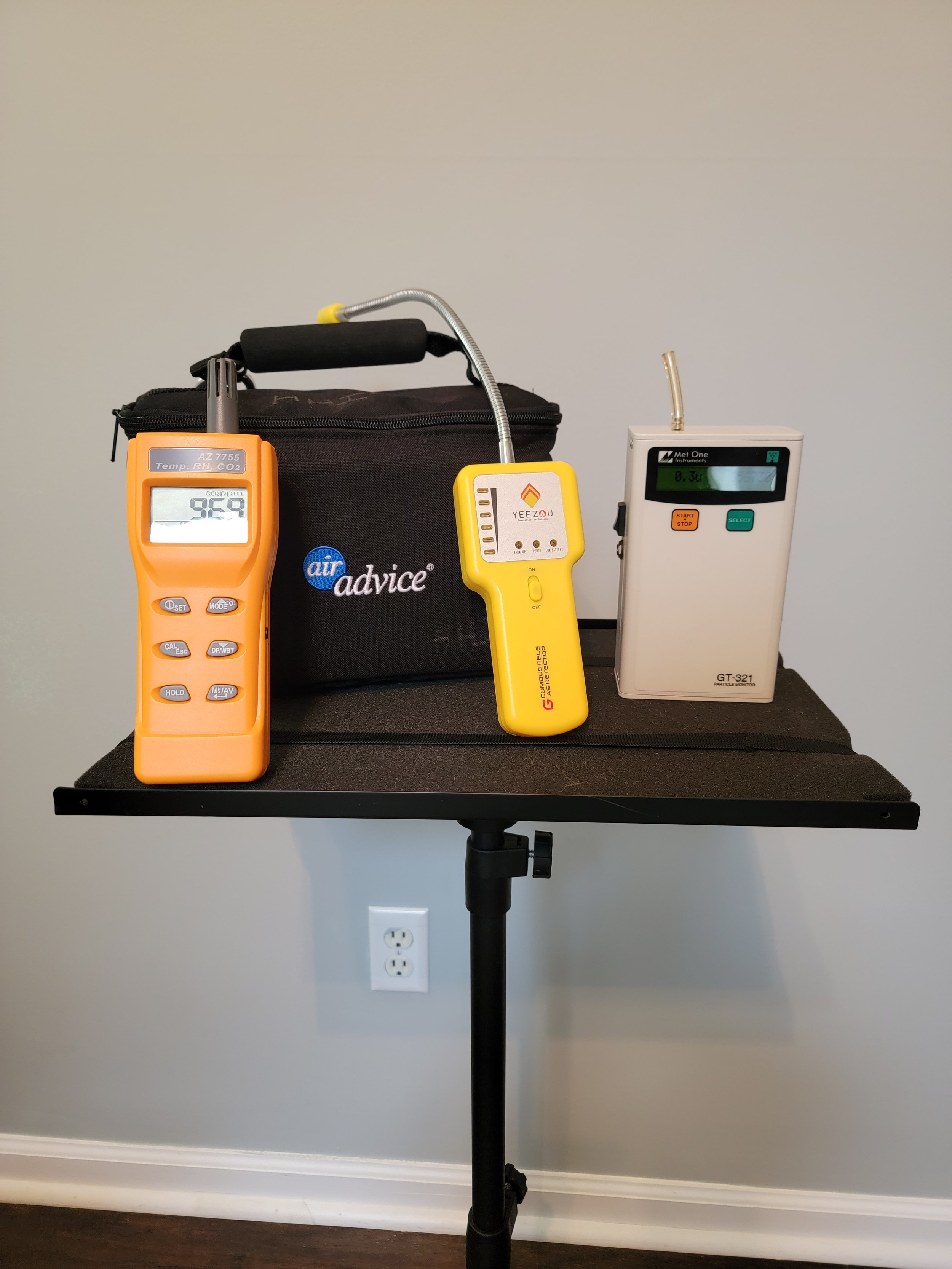 Air Quality Testing Tools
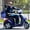 Blue(2), variant on Arshin Improve 4 Wheel Mobility Scooter for Seniors,Foldable Powered Mobile Wheelchair for Adult 300lbs,Silver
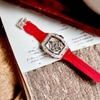 Đồng Hồ Nam Madocy M88168 Automatic Red Silver 42mm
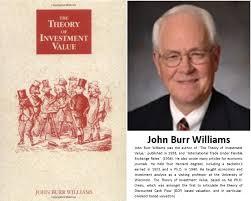 John Burr Williams | Williams ...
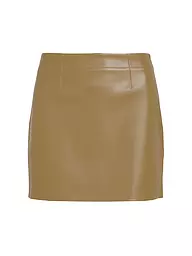 CALVIN KLEIN JEANS | Minigonna effetto pelle | Oliva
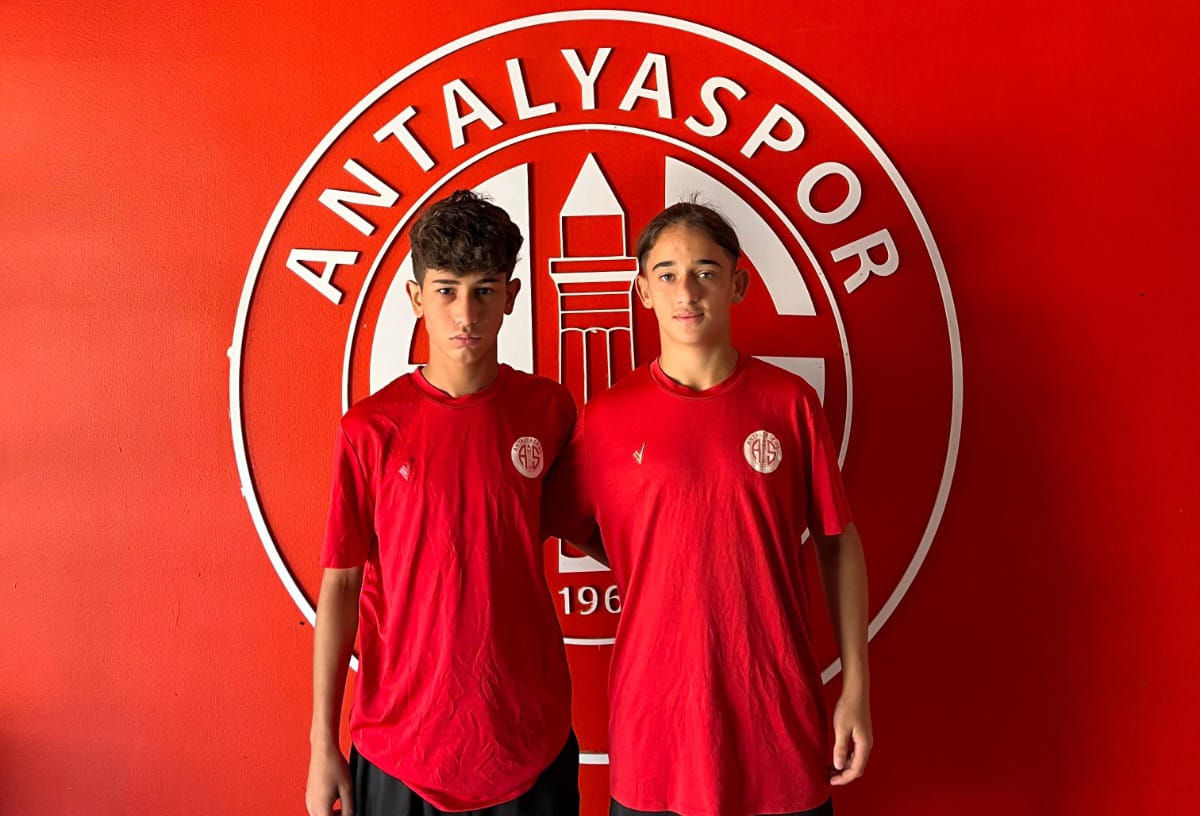 Kardeş Antalyaspor’a 2 yetenekli futbolcu! - Resim : 1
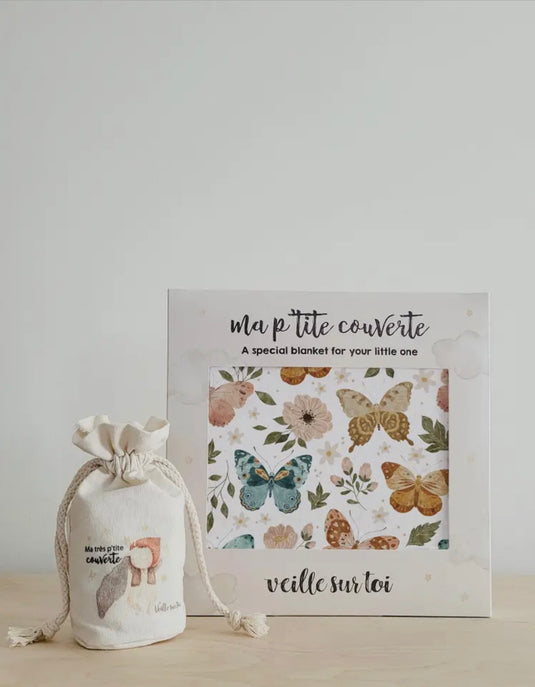 Couvertures emmaillotage de la marque Veille sur toi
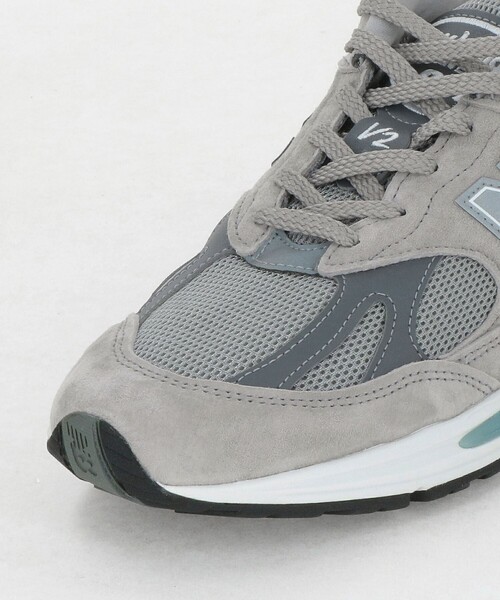 NEW BALANCE(ニューバランス)の「<New Balance>U991GL2/スニーカー(スニーカー・メンズ・ライトグレー・27cm/28.5cm/28cm/27.5cm/26cm/26.5cm/29cm/25.5cm)」の19枚目の写真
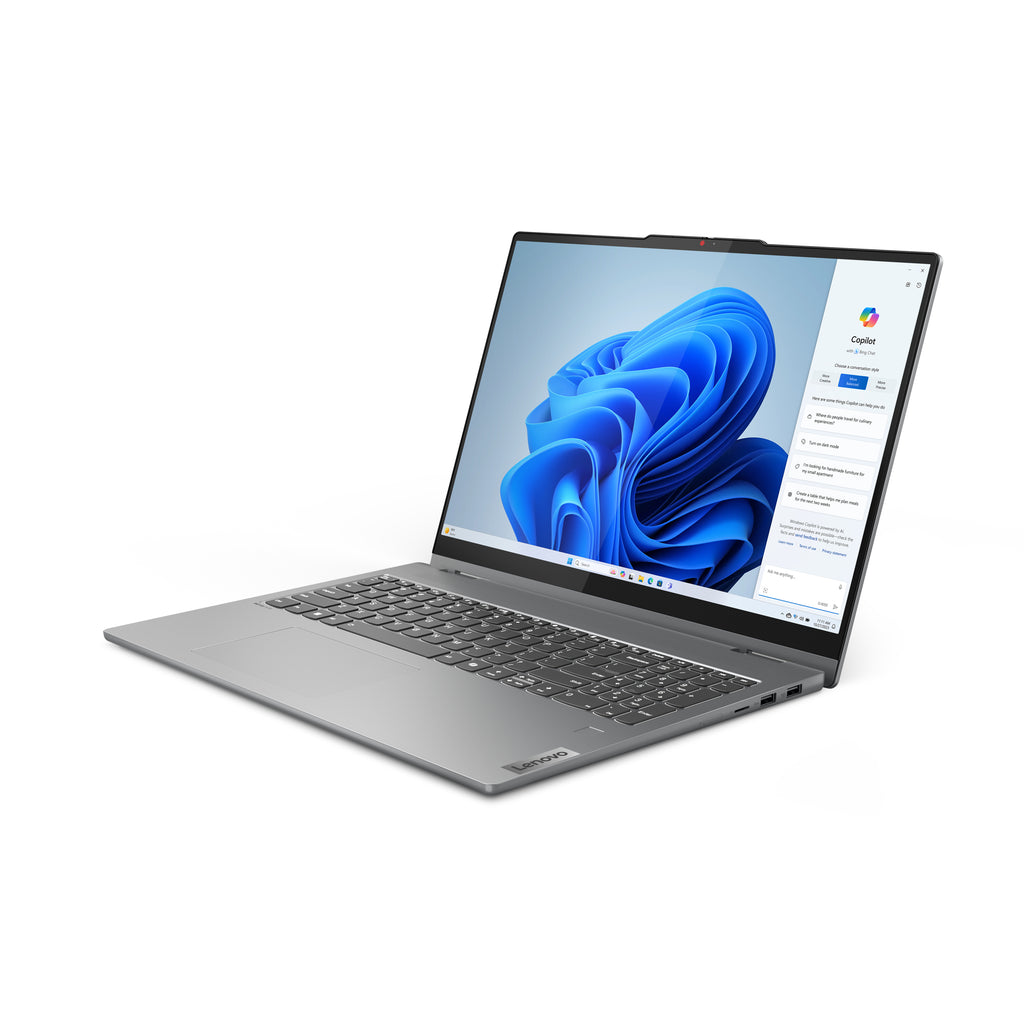 Lenovo IdeaPad 5 2-in-1 16IRU9 Intel Core 7 150U Hybride (2-en-1) 40,6 cm (16") Écran tactile WUXGA 16 Go LPDDR5x-SDRAM 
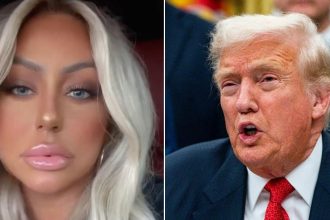Aubrey O’Day Destroys Donald Trump Over Ties To Jeffrey Epstein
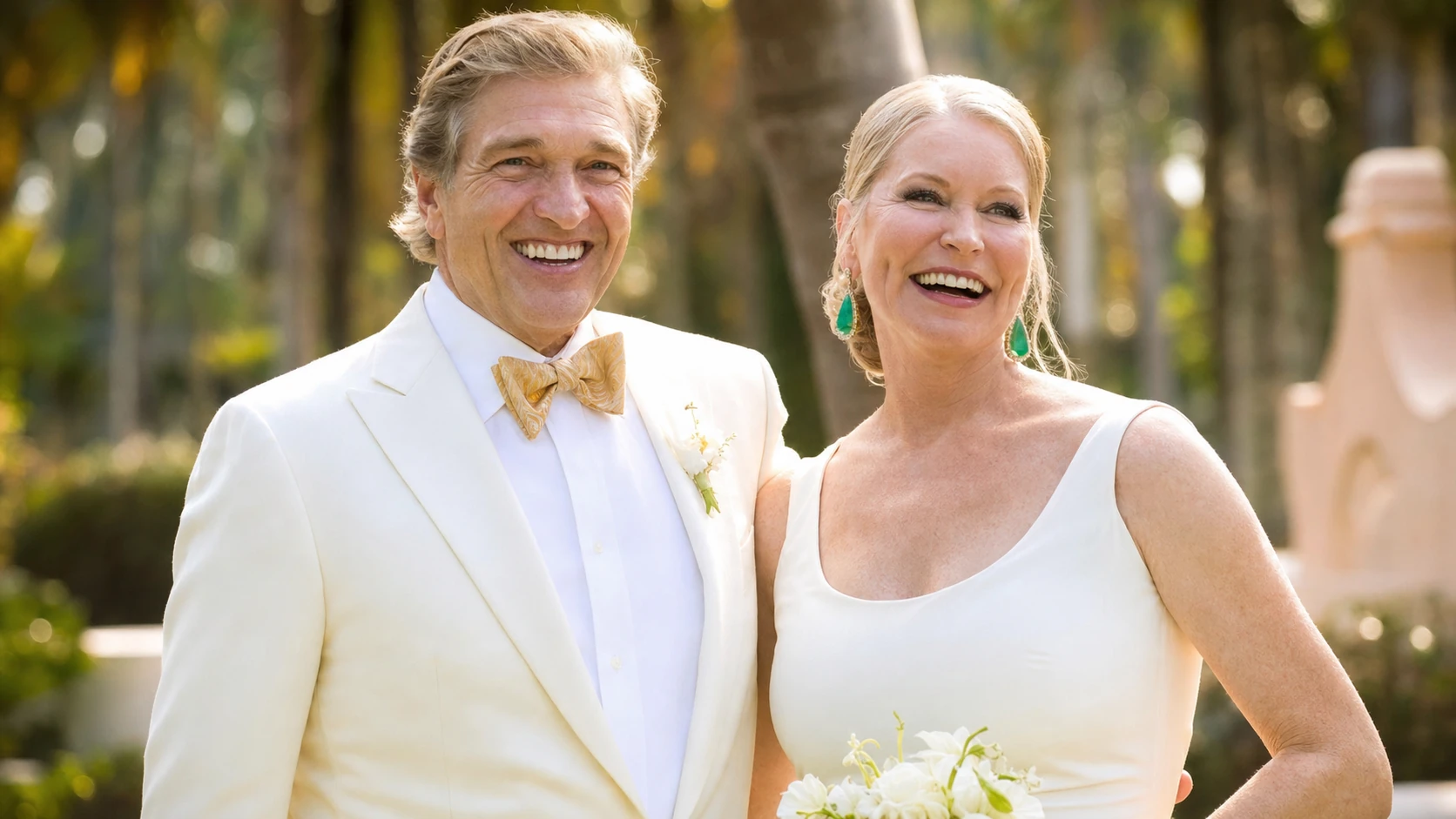 Their 2014 wedding in Palm Beach - albert deprisco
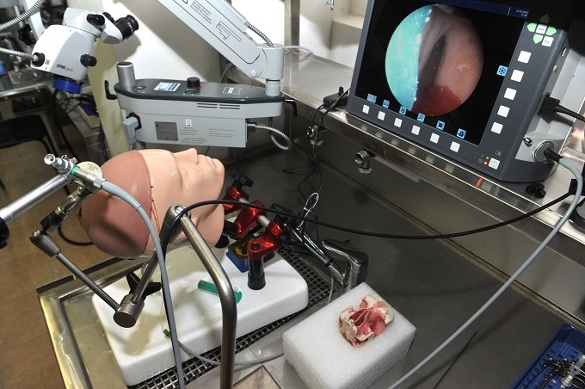 Симуляционная лаборатория Федерального центра нейрохирургии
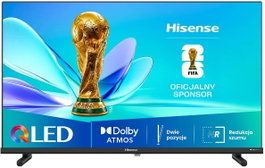 Hisense 40A5Q Smart TV 40" (102 cm) Full HD QLED, VIDAA, Negro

● ● ● ●

Copy out the material above in full and exactly; its pictures are not to appear.

Your response:
 Air Quality Testing Tools
 Blue(2), variant on Arshin Improve 4 Wheel Mobility Scooter for Seniors,Foldable Powered Mobile Wheelchair for Adult 300lbs,Silver
 Đồng Hồ Nam Madocy M88168 Automatic Red Silver 42mm
 John Burr Williams | Williams ...
 CALVIN KLEIN JEANS | Minigonna effetto pelle | Oliva
 Kardeş Antalyaspor’a 2 yetenekli futbolcu! - Resim : 1
 Couvertures emmaillotage de la marque Veille sur toi
 NEW BALANCE(ニューバランス)の「<New Balance>U991GL2/スニーカー(スニーカー・メンズ・ライトグレー・27cm/28.5cm/28cm/27.5cm/26cm/26.5cm/29cm/25.5cm)」の19枚目の写真
 Lenovo IdeaPad 5 2-in-1 16IRU9 Intel Core 7 150U Hybride (2-en-1) 40,6 cm (16") Écran tactile WUXGA 16 Go LPDDR5x-SDRAM 
Aubrey O’Day Destroys Donald Trump Over Ties To Jeffrey Epstein
 Their 2014 wedding in Palm Beach - albert deprisco
 Симуляционная лаборатория Федерального центра нейрохирургии
 Hisense 40A5Q Smart TV 40" (102 cm) Full HD QLED, VIDAA, Negro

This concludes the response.